The U.S. Consumer Is Only Getting Stronger
The underlying driver of growth in the U.S. is the consumer and the consumer is only getting stronger. Starting with the labor data, there is a record number of people working in the U.S. The labor market has been adding about 160,000 news jobs a month for more than five years. The labor force participation rate has begun to climb again. We have historic low unemployment across America and record low unemployment among minorities. And wages are and at a +3% average pace, well above inflation, providing a double-boost to real spending power. I could go on and on.
All that labor market strength adds up to one thing, Consumer Confidence. The Conference Board’s index of Consumer Confidence rose again this month. At 130.7 the reading is up 0.3% from the previous read and points to ongoing strength in the U.S. economy.
Lynn Franco, Senior Director of Economic Indicators at the Conference Board … “Despite the decline in the Present Situation Index, consumers continue to view current conditions quite favorably. Consumers’ short-term expectations improved, and when coupled with solid employment growth, should be enough to continue to support spending and economic growth in the near term.”
Cracker Barrel Ups Guidance
Cracker Barrel (CBRL) reported earnings earlier this week. The company reported a slight decline in in-store traffic that was offset by factors that point to continued revenue and earnings growth in 2020. Rising costs related to commodity pricing and labor have prompted Cracker Barrel to raise prices. The program began a year or so ago and resulted in a 4% increase in average check over the last year. Factor in the -0.2% decline in traffic and comps come in at a nice 3.8% and well above expectations.
Cracker Barrel has been so successful with the program additional increases are expected this year. Management upped the full-year guidance as well, and to a range above the consensus average. The analysts remain neutral on the stock but I expect that will change as the year progresses. Cracker Barrel is a dividend-payer with 17 years of increases under its belt, a 3.25% yield and a double-digit distribution growth rate.
TJX Companies Is Winning The Retail Wars
While mainstream retailers are battling for consumer dollars, most of them losing, TJX Companies (TJX) quietly sits in the shadows. The company is the parent of TJMaxx and Marshalls, both in business selling discount, overstock, and close-out items. When a big-name retailer goes out of business you can rest assured consumers will find those labels at the local TJX location and for prices well below retail.
TJX Companies just reported earnings and beat consensus estimates on a whopping comp-store figure.

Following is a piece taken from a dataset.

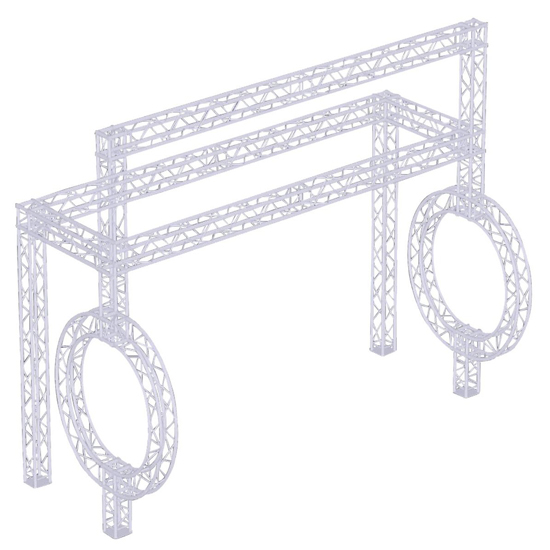 ProX XTP-E1020-3 Double Circle 10X20 Exhibition Module Stand Truss Package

The company’s comps surged 6.0% and nearly double the analysts consensus. What makes the comps so dazzling is the fact last year’s Q4 also posted a 6.0% comp-store sales increase. Looking forward, TJX is well-positioned to see growth across all segments.
The only negative is that there is some international exposure but there are two mitigating factors. The first is no exposure to China, the second is the international segment is the leading growth segment with a 10% comp to last year. TJX yield is lower at 1.5% but comes with other perks. TJX is a Dividend Aristocrat, the payout ratio is super low, and the distribution growth rate is double-digit.